Ok yeah. UK / EU king = US queen. So yeah, euro double equals twin. 

The Wikipedia sets it all out.


----------



## Passepartout (Jun 11, 2016)

Our experience in Europe is that MOST double beds are really two 3/4 size singles pushed together and made up as one bed. Sometimes with a topper, sometimes with just a mattress cover, but you can almost always feel the gap between them.

Jim


----------



## Pompey Family (Jun 12, 2016)

It all depends on the hotel you're staying at. American chain hotels, Marriott, Hilton etc tend to have larger beds so a double would be a queen size however if you're opting for a European hotel then, as Passepartout wrote, you are often likely to encounter two separate beds pushed together (or one large bed with two separate mattresses.


----------



## PClapham (Jun 12, 2016)

Great!  thanks-we  would like either-just don't want a US size double bed.

Anita


----------



## isisdave (Aug 18, 2016)

We've found that in Europe double only means "for two people" and the smallest "double" bed we've seen, which was listed as "queen", was 56 inches wide.
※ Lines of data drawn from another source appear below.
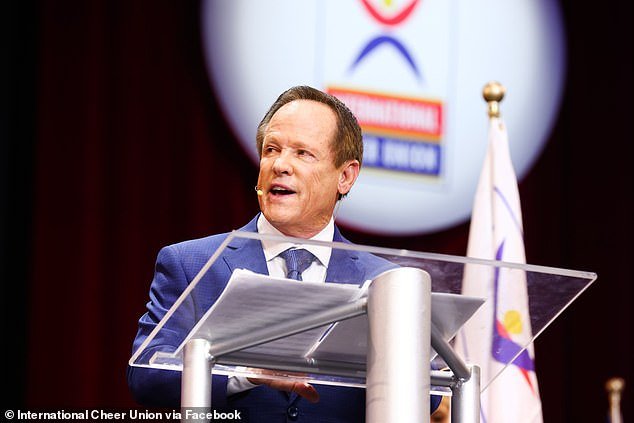 Charlie Kirk, “mentor” y magnate de las porristas, muere en un extraño accidente de pickleball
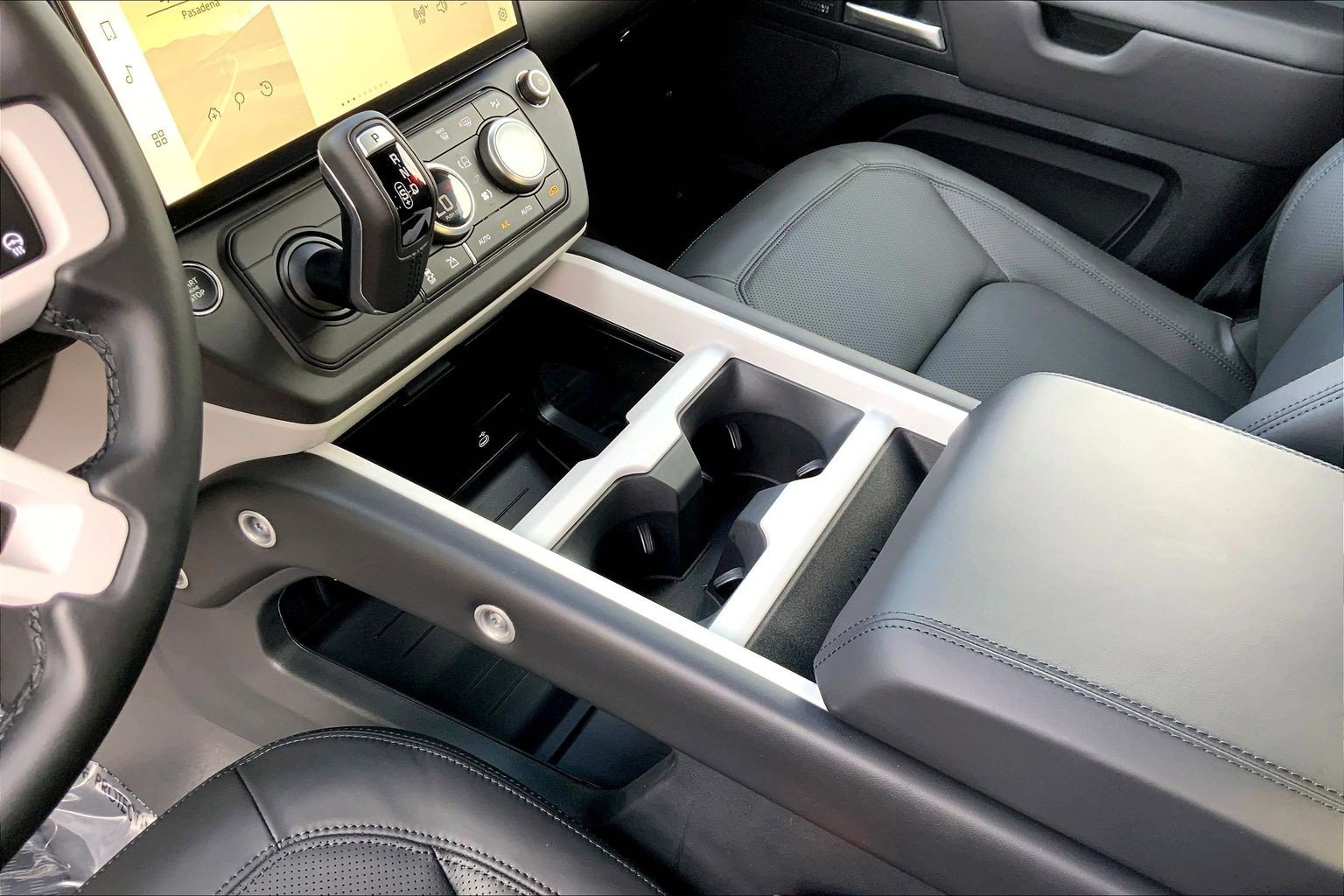 New 2026 Land Rover Defender 130 X-Dynamic SE image 10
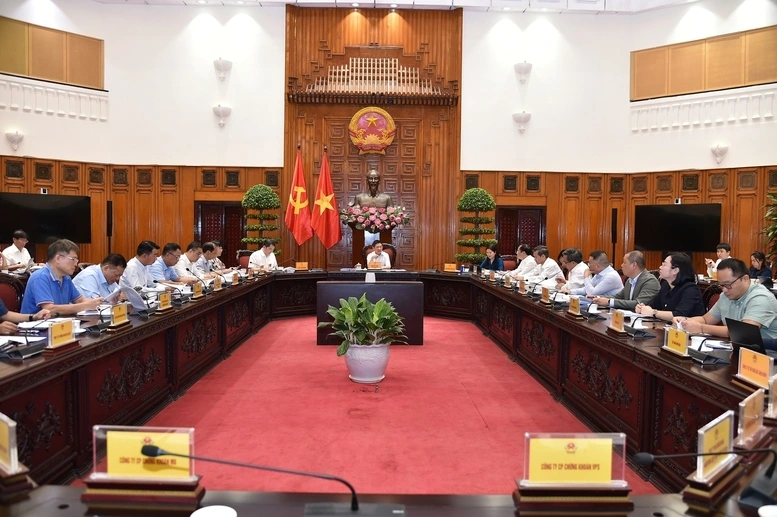 Phó Thủ tướng Chính phủ Hồ Đức Phớc họp với các bộ, ngành, hiệp hội, doanh nghiệp chứng khoán, bất động sản về dự án Luật Thuế thu nhập cá nhân (thay thế) - Ảnh: VGP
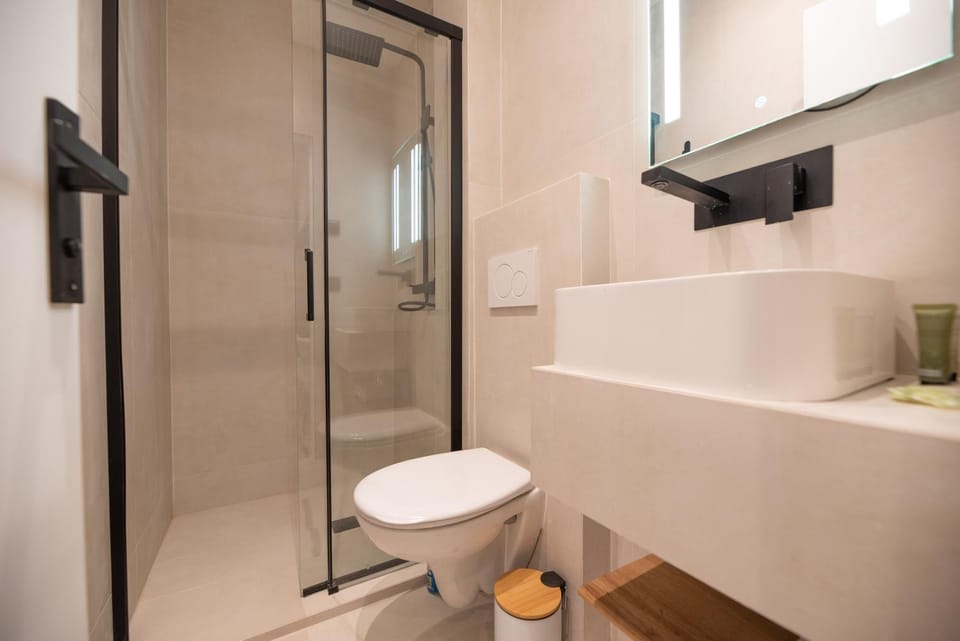 Shower, Toilet, Bathroom
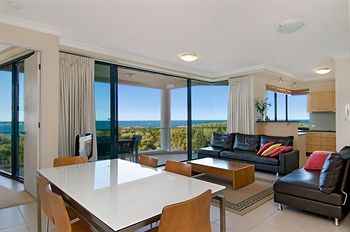 Santorini Twin Waters - Accommodation Port Macquarie 19
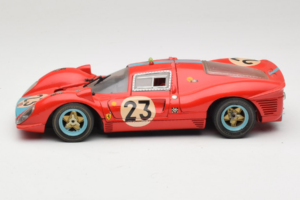 Ferrari 412P #23 W. Mairesse / J. Beurlys Le Mans 1967 Red Revell 1:18 48826 Diecast - image 4 of 8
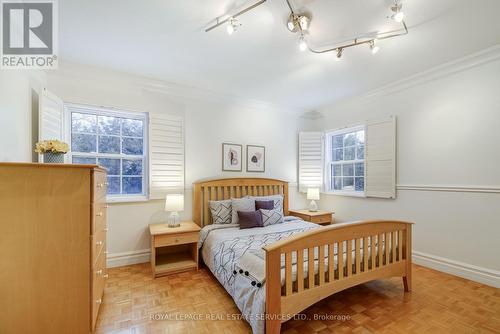 141 Digby Road, Oakville, ON - Indoor Photo Showing Bedroom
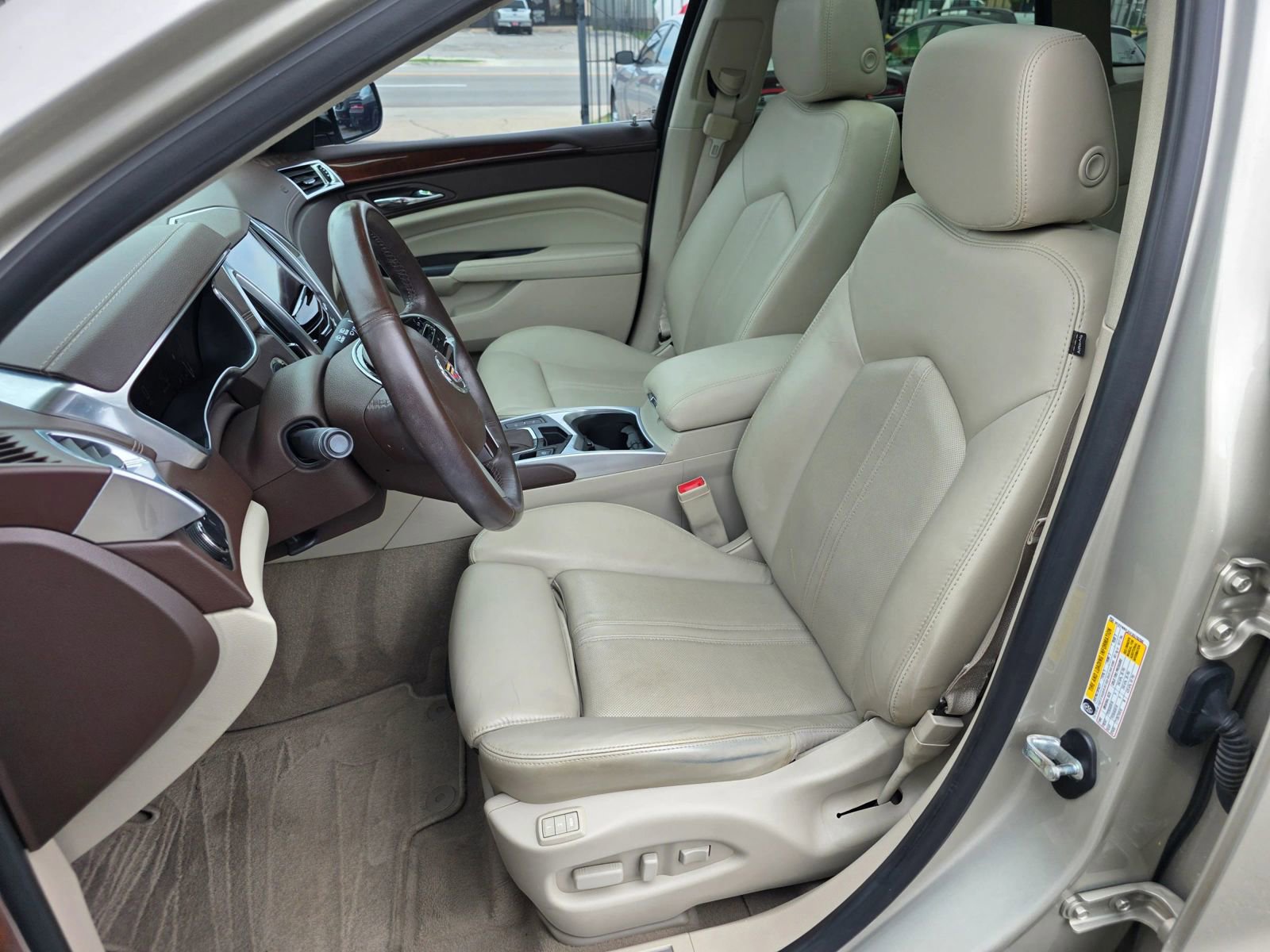 Used 2015 Cadillac SRX Luxury FWD image 10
This is just twice as wide as a baby's crib.

While on the continent, where people are smaller than Americans, this was not too hard to understand. But in Britain a lot of people are as overweight as we are, and I can't figure out how they fit two into such a bed.

A US "full" or "double" is 53 inches and queen is 60. King is 76.

Most hotels offer "twin" rooms, in which there are two singles, which are usually somewhere around 32 inches. They are usually a few inches apart.


----------